What you need to know:
The Martoma insider trading case is the latest in, and largest of, a string of actions brought by the Securities and Exchange Commission related to the alleged misuse of confidential clinical trial information by life sciences companies and third parties with access to this information.
What you need to do:
For life sciences and other public companies, use the Martoma case as an opportunity to evaluate insider trading policies and training programs, and to update agreements with third parties having access to clinical trial or other confidential information, all to mitigate the risk that these data are leaked prior to their publication or public disclosure.
Clinical Data are Under the Enforcement Microscope
As investors look to advances in biopharmaceutical companies’ product pipelines as drivers of future growth, information regarding clinical trials of new drugs can have material consequences on the value of these companies’ securities. Consequently, the Securities and Exchange Commission is engaged in an initiative to track the provenance and use of confidential data about clinical trials, and has partnered with the Food and Drug Administration to evaluate the veracity of clinical trial information reported by biopharmaceutical companies. This initiative has resulted in many high-profile enforcement actions, and biopharmaceutical companies have increasingly found themselves embroiled, either directly or indirectly, in significant insider trading cases involving leaked clinical trial results.
US vs. Martoma
The most recent of these cases has been dubbed “the most lucrative insider trading scheme ever.” In November, the SEC formally charged Mathew Martoma, a portfolio manager at a hedge fund affiliated with SAC Capital Investors, and his employer for their role in a $276 million scheme involving the leak of clinical trial data for an investigational drug for Alzheimer’s disease being developed by Wyeth (now Pfizer) and Elan Pharmaceuticals. Specifically, the SEC alleges that Dr. Sidney Gilman, the physician overseeing the clinical trial, tipped off Martoma about the drug’s disappointing clinical trial performance and that Martoma, acting on the information, convinced his firm to liquidate its position in Wyeth and Elan securities, ultimately resulting in a $960 million sell-off.

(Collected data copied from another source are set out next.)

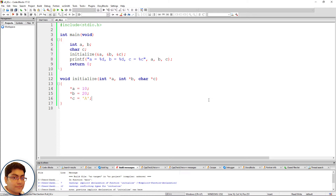When an array name is passed as an argument, its base address is passed to the function. So whatever changes are made to the array are reflected in the original array. Let's write a program to demonstrate that. Create a new file in Code::Blocks and save it as s8_03.c.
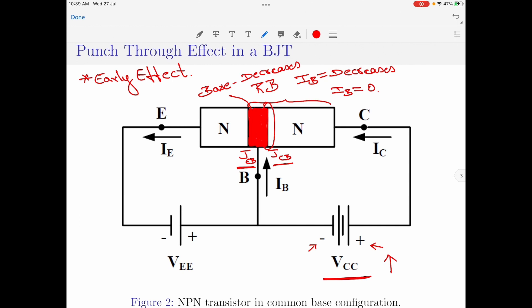When this happens, the base region has effectively reduced to zero and charge carriers can freely move from emitter to collector as well as from collector to emitter. When the charge carriers between collector and emitter start moving freely within the device, this will break down the BJT and a large collector current starts to flow across the device, which will destroy the transistor. This effect is called the punch-through effect.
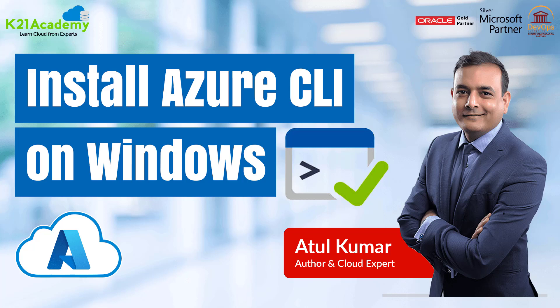Hey guys, this is Atul from Team K21 Academy. In this video, we're going to talk about how to install Azure Command Line Interface or CLI on Windows, which will be later used or required for Terraform.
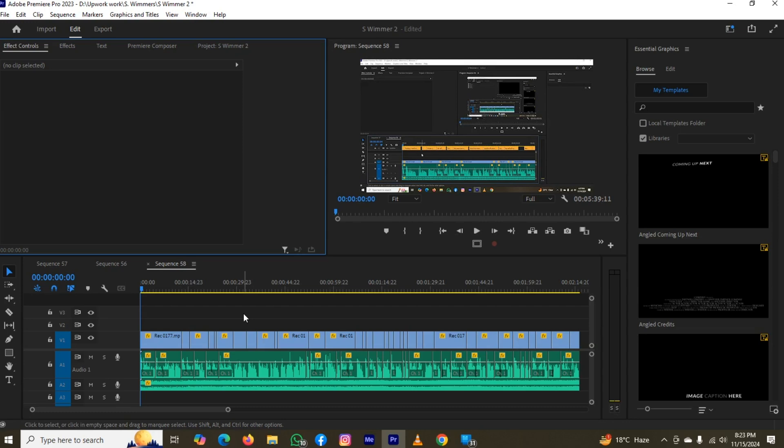The first thing is to open the application and open a project in which you want to create a bin. As you can see, I've done this entire thing. Now it's time to add a bin.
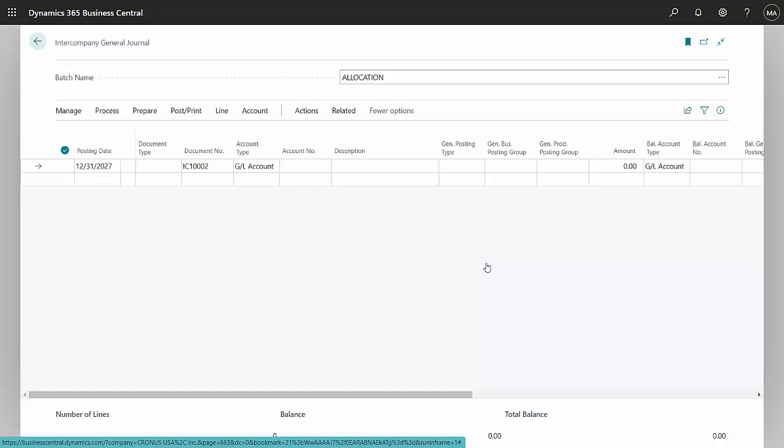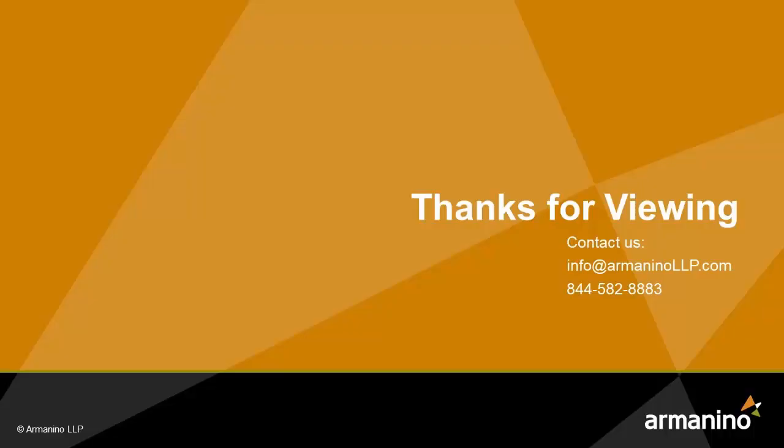So to finish this up on the other side, you'd have to log into the other company, accept that transaction, and then you're done. So this is an easy way to create intercompany allocations that you can do with Excel and also Business Central.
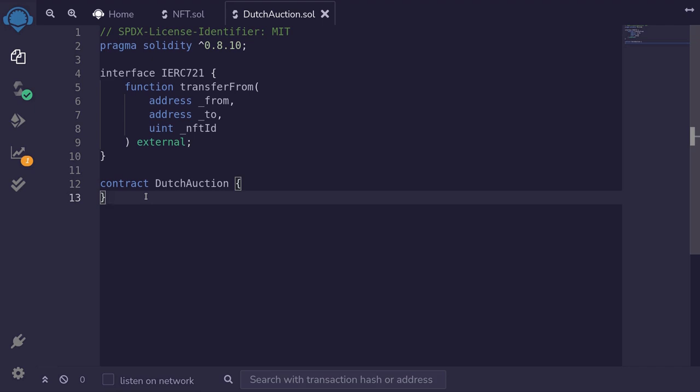Initially the price is set high by the seller. Over time the price decreases. When the buyer thinks that it is a good deal, he decides to buy, ending the auction. For this example, we'll write a Dutch Auction for our NFT, our ERC721.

Gilman, a professor at the University of Michigan Medical School, served as a consultant to Wyeth and Elan as well as a consultant for a Manhattan-based “expert network firm.” Martoma allegedly gained material, non-public information about the Alzheimer drug’s negative trial results from Gilman after they developed a relationship following their introduction by the expert network firm. Although Martoma denies any wrongdoing, Gilman has agreed to pay more than $234,000 to settle charges against him.

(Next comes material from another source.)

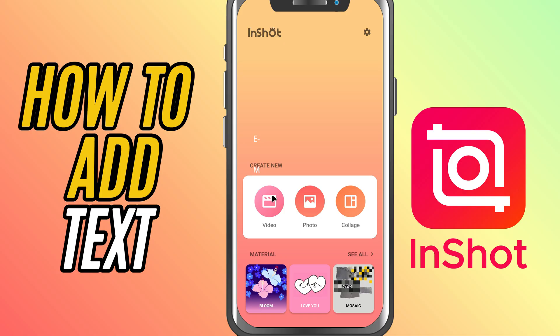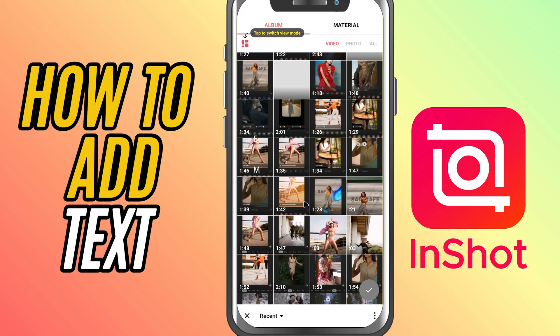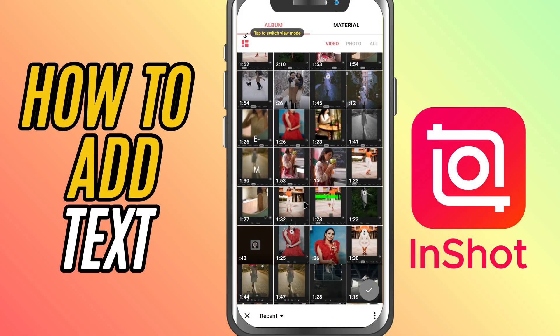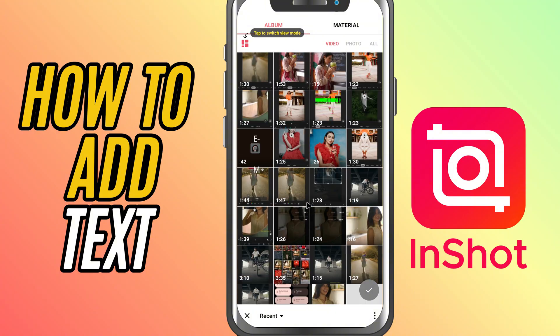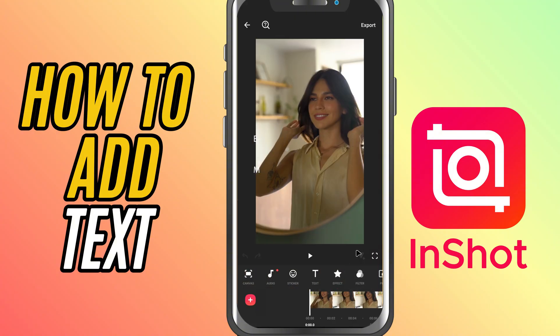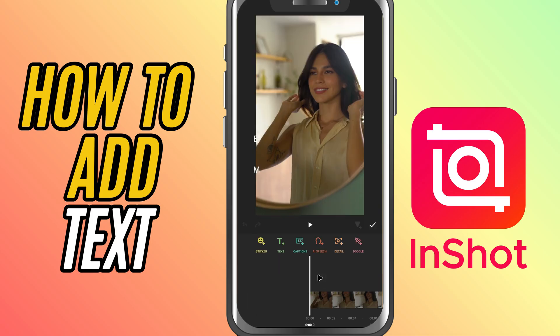Open the InShot app, start a new video project, and import your clip. Once that's done, tap the green check mark to enter the editing screen. Now, look at the bottom toolbar and tap on Text.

Seize the Opportunity to Mitigate the Risk of Disclosure
While Pfizer and Elan have not been, and may never be, charged for any wrongdoing in the Martoma case, companies linked to third party insider trading cases invariably suffer from the management distraction, external expense and reputational harm associated with them. While publicly-traded biopharmaceutical companies generally have robust insider trading policies and training programs for their employees, there are additional steps that can be taken to mitigate the risk associated with data leaks from the broader network of individuals who may have access to these data, thus creating a record to demonstrate to regulators that diligence has been used in seeking to prevent these leaks from occurring. These steps include:
Taking inventory of all third parties who are likely to have access to clinical trial information during the life of all ongoing clinical trials and verifying that each party has signed an agreement containing clear and well-drafted confidentiality provisions. These third parties include clinical trial sites, clinical research organizations, data management vendors, members of data monitoring committees, contracted biostatisticians and vendors conducting central reviews of patient data and testing patient samples.
Using the publicity surrounding the Martoma case as an opportunity to send a letter to these third parties reminding them of their obligations under insider trading laws.
Amending template contracts used with these third parties to include the following additional safeguards for future clinical trials:
• acknowledgement by the third party that access to clinical trial data may qualify individuals with such access as “insiders” within the meaning of federal securities laws, and that trading in company securities is prohibited until such data are disclosed;
• if the third party is a business entity or medical institution, a representation that the entity or institution has appropriate compliance and training programs for its employees and staff regarding insider trading;
• disclosure of all ownership of company securities by the third party (or its employees who may have access to clinical data);
• disclosure of any relationships that the third party (or its employees who may have access to clinical data) has with members of the financial industry in order to facilitate further investigation into these relationships.
If a third party is engaged for a future trial under a previously-executed contract, these provisions should be included in a work order or similar document so the third party is bound in connection with that future work.
Including a module regarding compliance with insider trading laws in site initiation visits at clinical trial sites, investigator meetings, and in “kick-off” meetings with key vendors or advisory boards, in order to reach the broadest possible audience, and documenting that this information was discussed.